Frequently Asked Questions
Can coffee or a cold shower sober me up faster?
No. Only time lowers BAC — the liver metabolizes alcohol at a roughly fixed rate (about one standard drink per hour) regardless of caffeine, cold water, exercise, or food eaten after drinking. Coffee can make someone feel more alert while still significantly impaired, which is actually more dangerous because it masks the impairment without reducing it.
Is 0.08% BAC safe to drive at?
No — 0.08% is the legal limit in the US, not a safety threshold. Measurable impairment in reaction time, coordination, and judgment begins well below 0.08%, and crash risk rises sharply even at 0.05%. Many countries set their legal limit at 0.05% or lower for exactly this reason. The safest approach is not driving after any drinking if there's meaningful doubt.
Why do I feel fine but the calculator shows a high BAC?

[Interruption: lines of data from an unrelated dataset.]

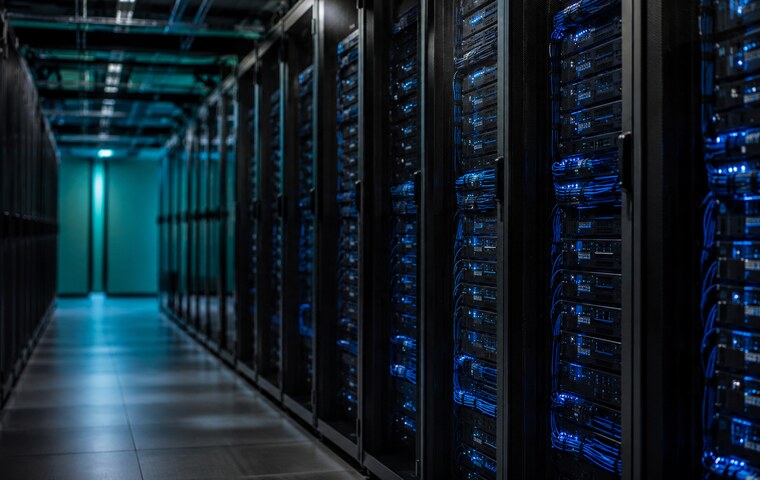 Tier III datacenter server room — GetVPS Africa infrastructure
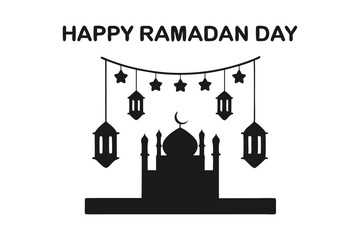 Ramadan Kareem abstract template with post poster or banner design 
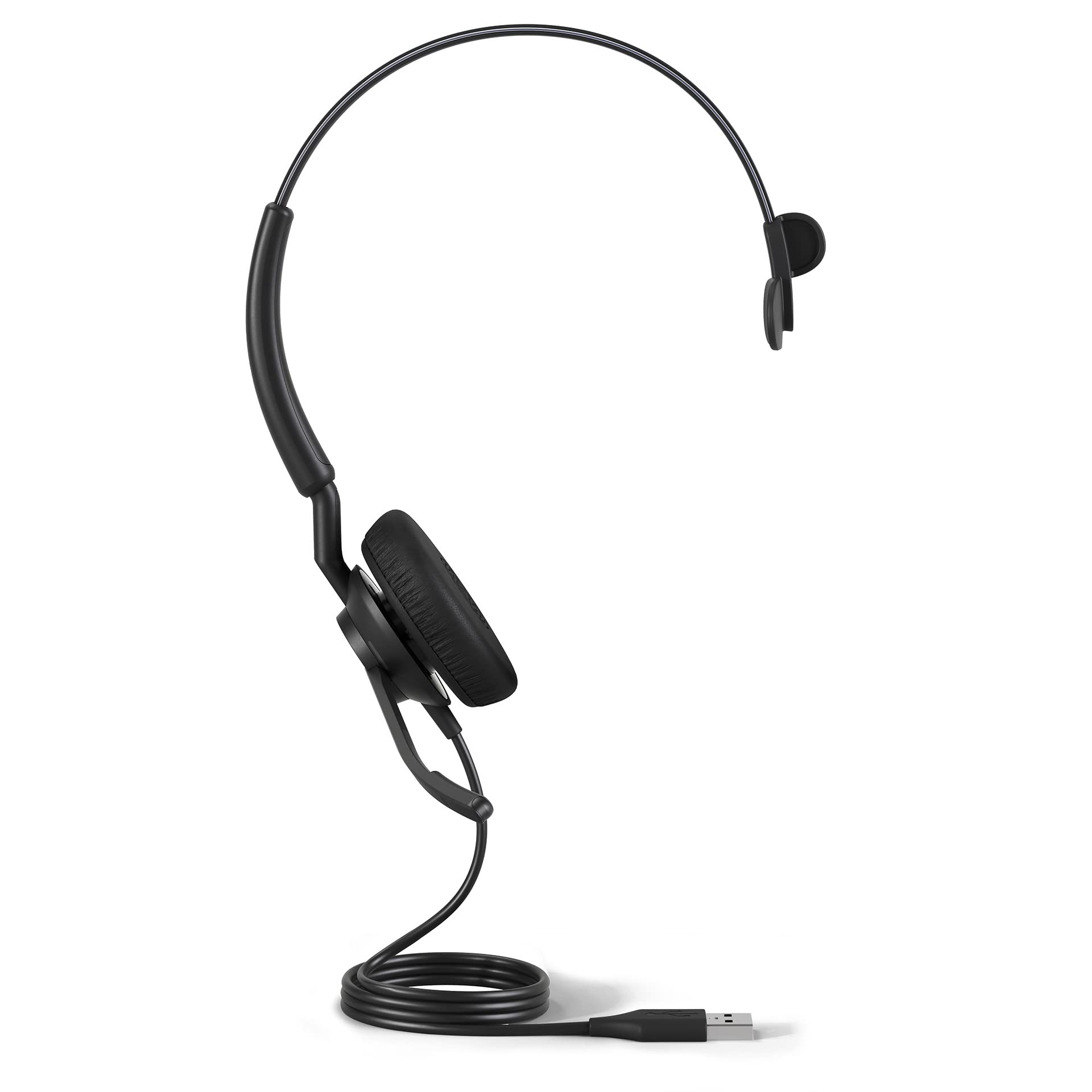 Jabra Engage 40 Wired Mono Headset with Noise Cancelling Mic - USB-A Business Headphones for Office, Call Center & Remote Work - MS Teams Certified, Lightweight Design, Compatible with All Platforms (Black) - Perfect for Conference Calls, Customer Service & Virtual Meetings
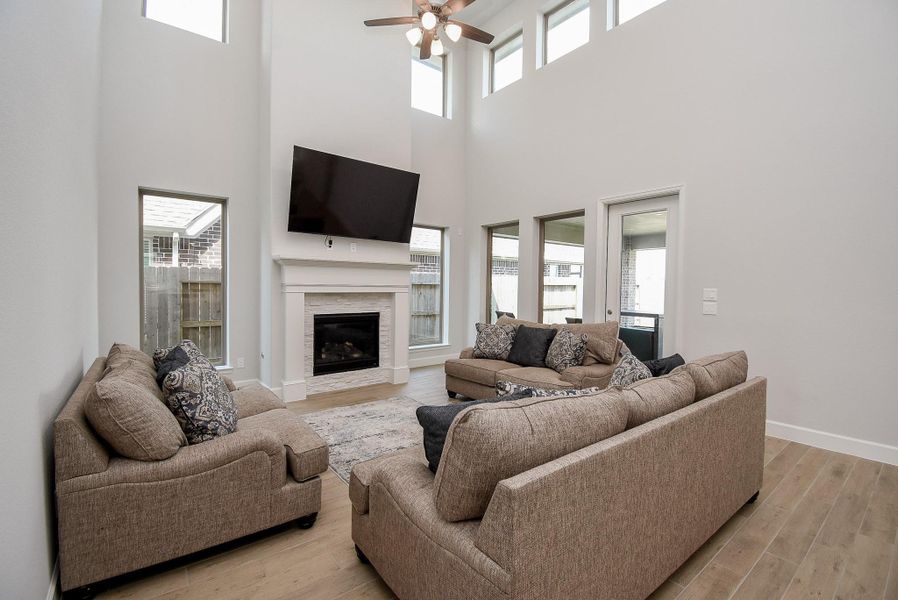 Furnished interior view inside a new home in Marvida, Cypress (Image 19).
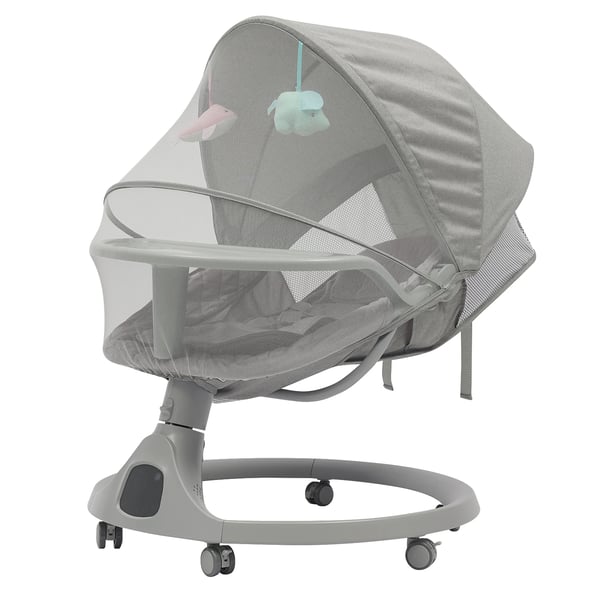 Bluetooth babygunga - Flat C-modell - Fjärrkontroll, 20 kg bärkapacitet, 0–18 mån, aluminiumlegering - Grön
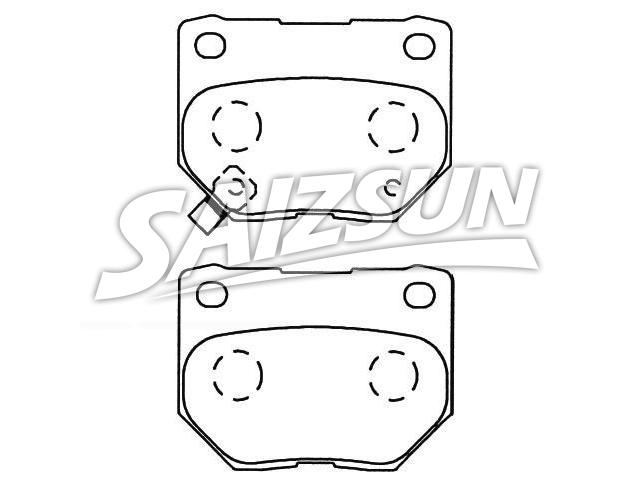 Brake Pad Set:26696-FA000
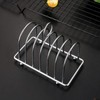 Toast Rack Stand Holder, 6 Slice Stainless Steel Toast Rack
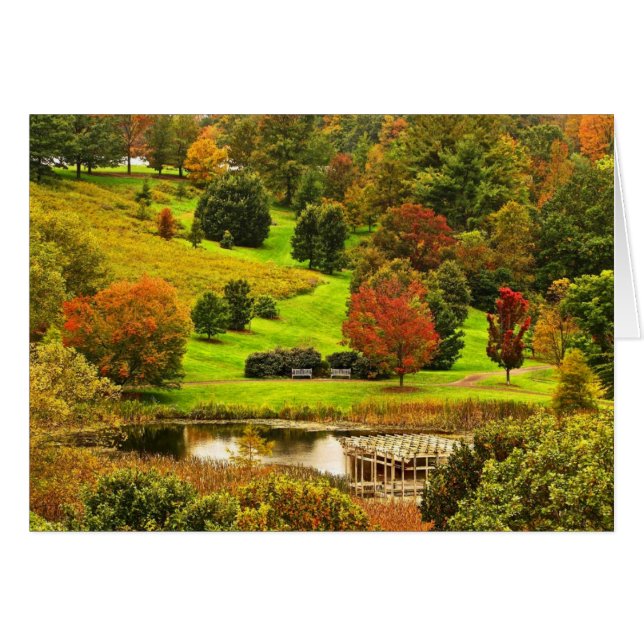 Automne dans le parc (Devant horizontal)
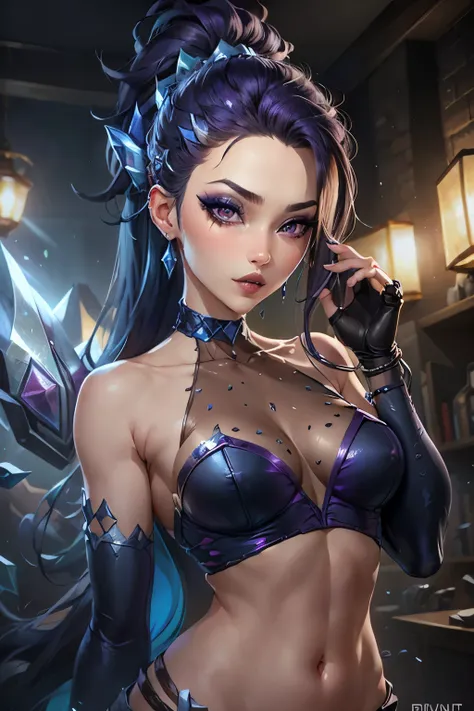 score_9, masterpiece, league of legends, front view, upper body photo,
andand alloutanandisa, 1 , Alone, and/and  \(league of legends\),
ponytail, hair ornament, very and rand hair, multicolored hair, Very long hair, hair between the eyes, hair clip,  bico...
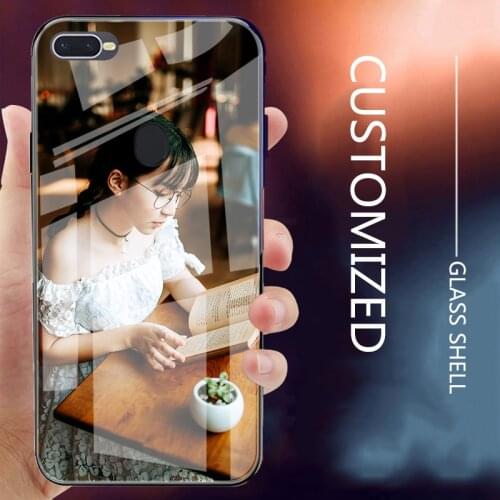 DIY Custom Phone Glass Case For OPPO F5 F7 Youth Cover Customized Picture Name Photo For OPPO F9 Pro F11 F15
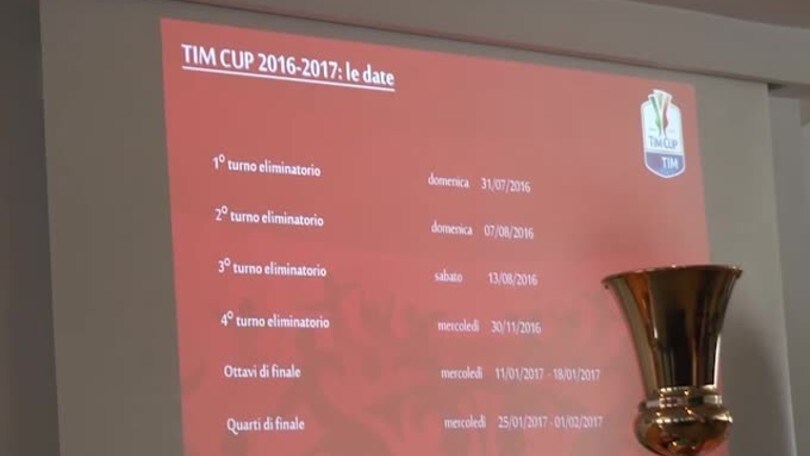 Coppa Italia, ecco il sorteggio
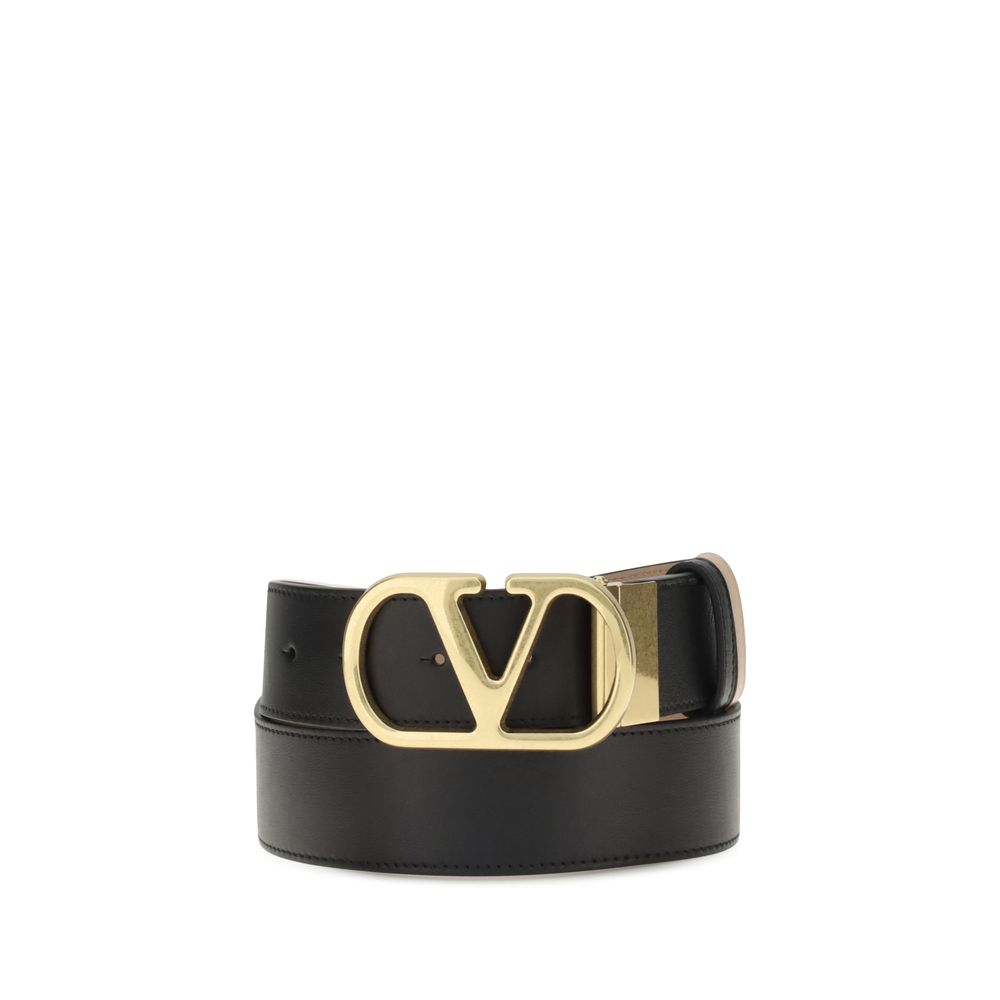 Valentino Garavani Reversible VLogo Læderbælte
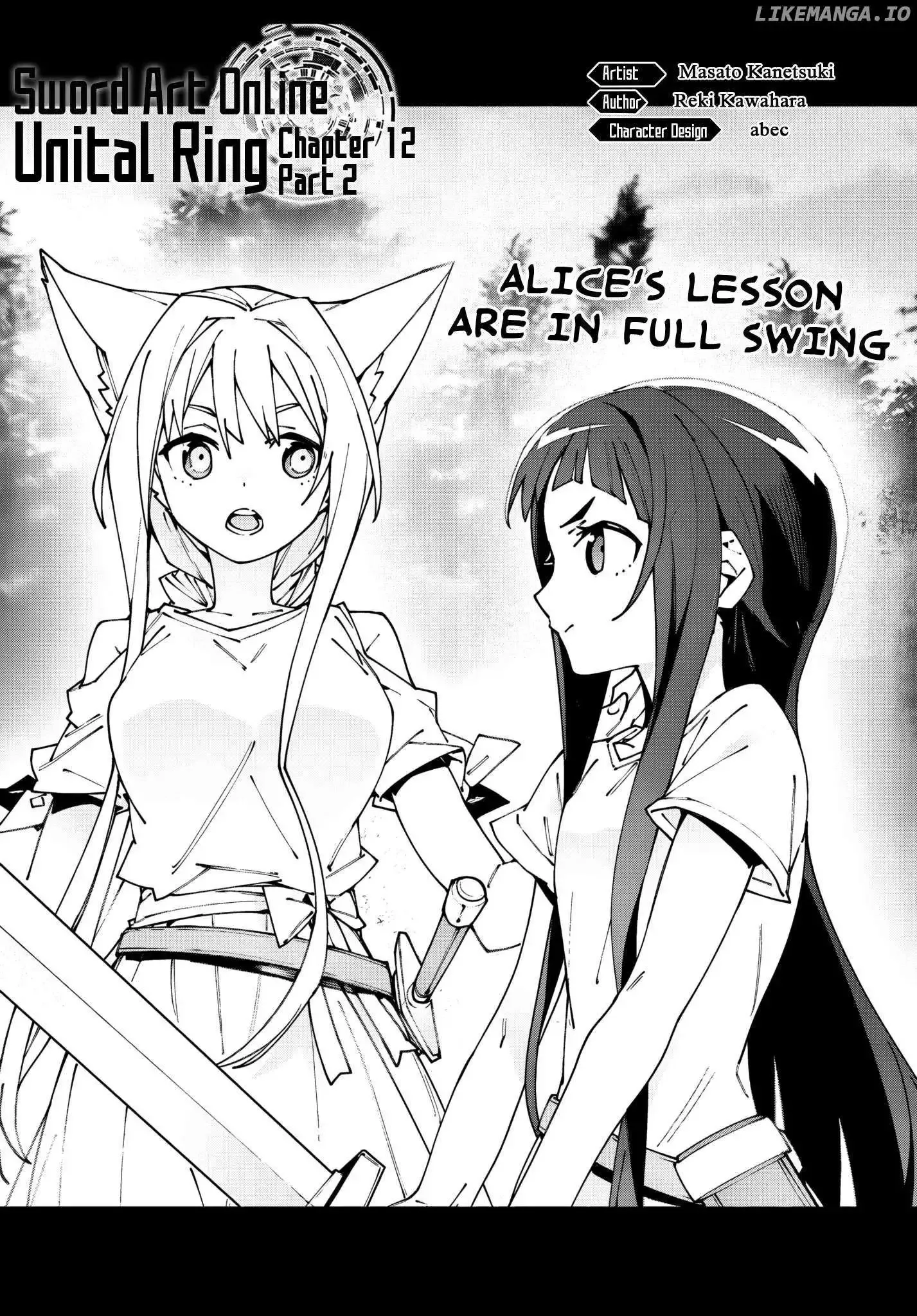 Sword Art Online Unital Ring Chapter 12.2 page 1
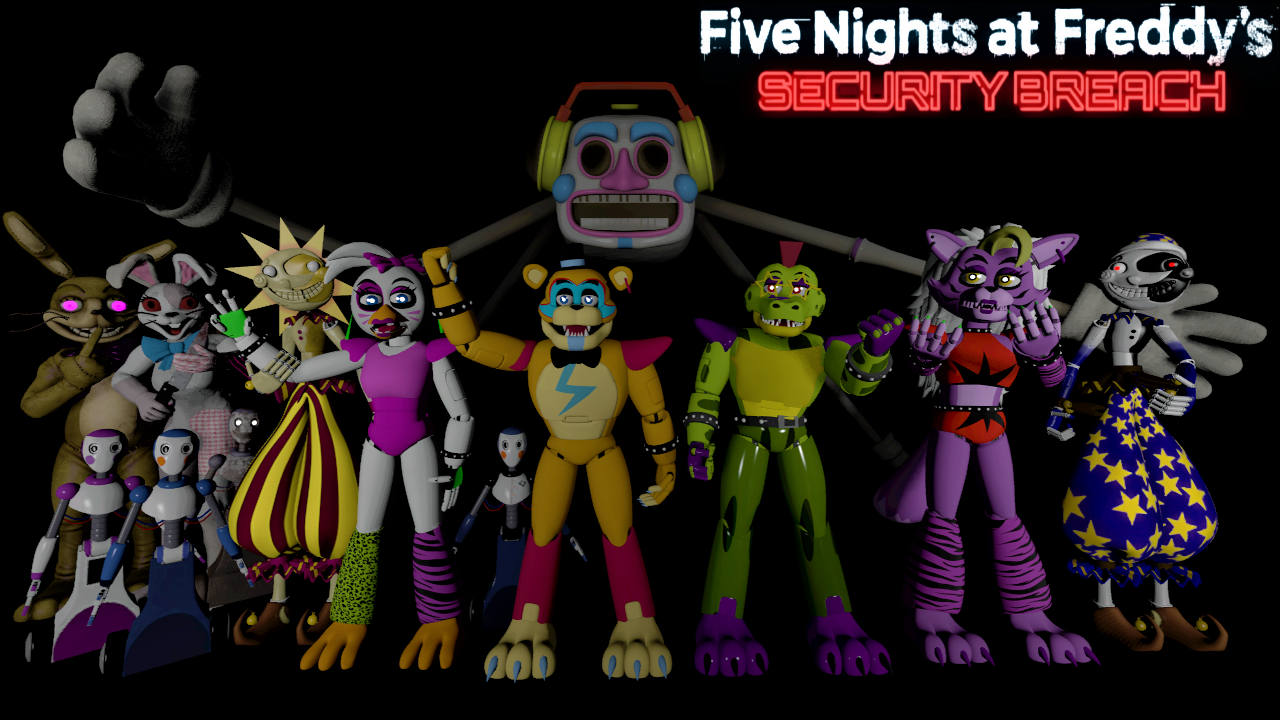 FNAF] Security Breach Characters 1 by 205tob on DeviantArt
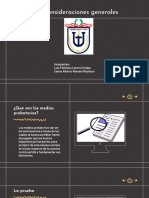 Diapositivas de La Prueba, Consideraciones Generales, Derecho Procesal Civil, Seccion D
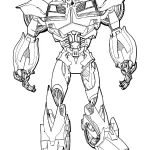 image pour coloriage Transformers enfant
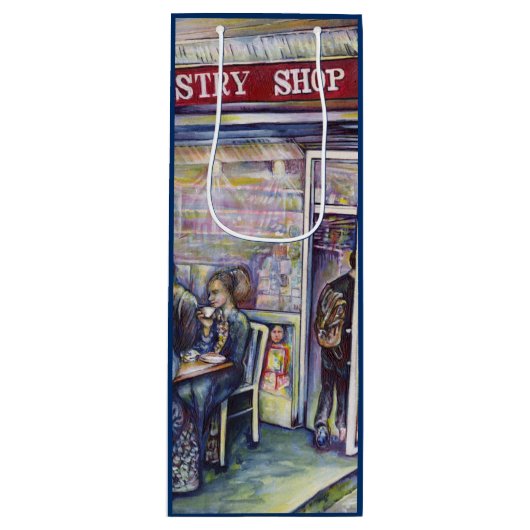 vrolijk wijn cadeautas (Voorkant)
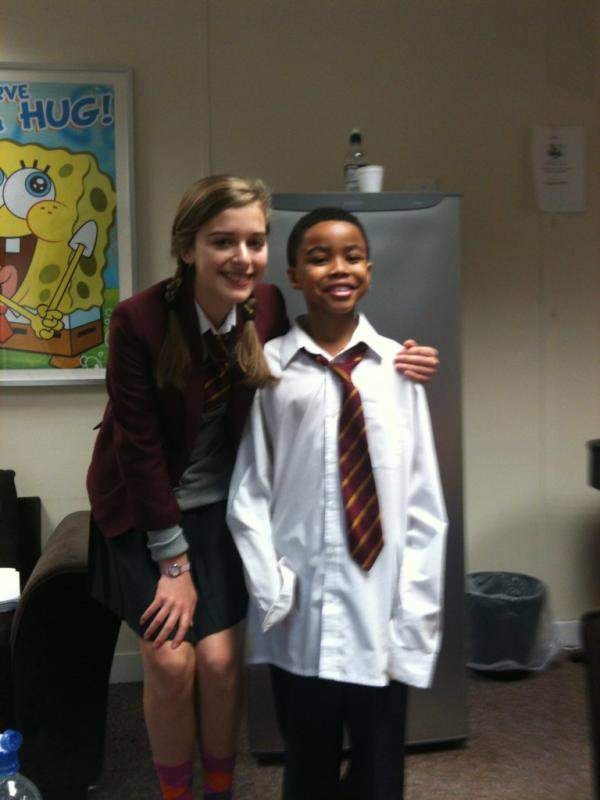 Frances Encell i ' mini Alfie '.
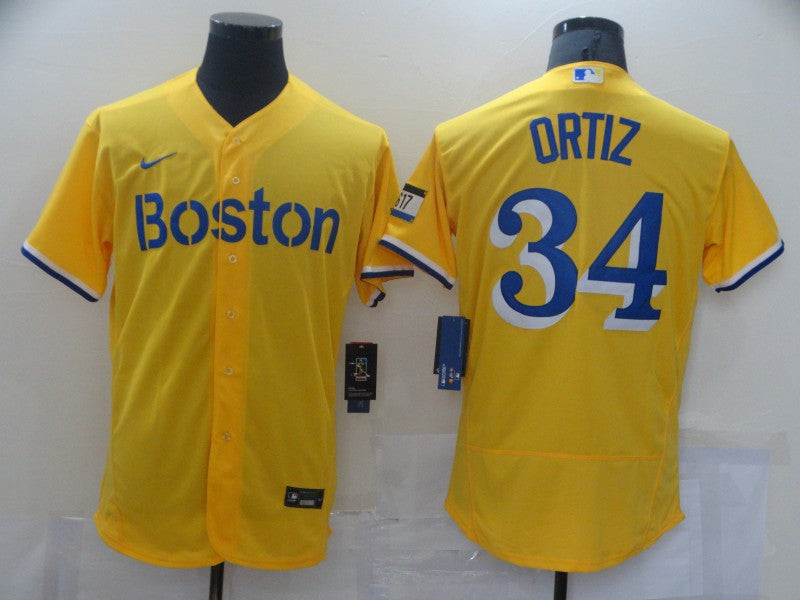Boston Red Sox gold City Connect jersey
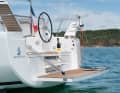 The large bathing platform offers very generous and also very usable access to the water. Unfortunately, the tailgate is only available as an option at extra cost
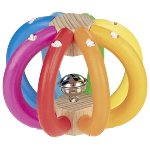 Touch ring elastic rainbow ball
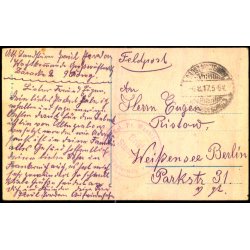 Feldtpost - 6 - 8- 17 - Til Berlin  - Forside : Gross Wusterwitz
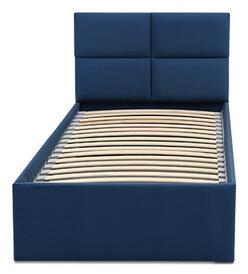 Čalúnená posteľ MONOS bez matraca rozmer 90x200 cm Namornícka modrá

Subjective feeling and actual impairment often diverge, especially with regular drinking (tolerance can mask impairment) or drinking quickly (peak BAC hasn't been fully absorbed yet, so it can keep rising after you stop feeling the effects increase). Never use how you feel as a substitute for knowing your estimated BAC and erring on the side of caution.
Does food affect BAC?
Yes, significantly — but this calculator doesn't model it. Food in the stomach, especially fatty or protein-rich food, slows the rate alcohol is absorbed into the bloodstream, which lowers and delays the peak BAC compared to drinking on an empty stomach. It does not reduce the total amount of alcohol consumed or its eventual elimination, only the speed and height of the peak.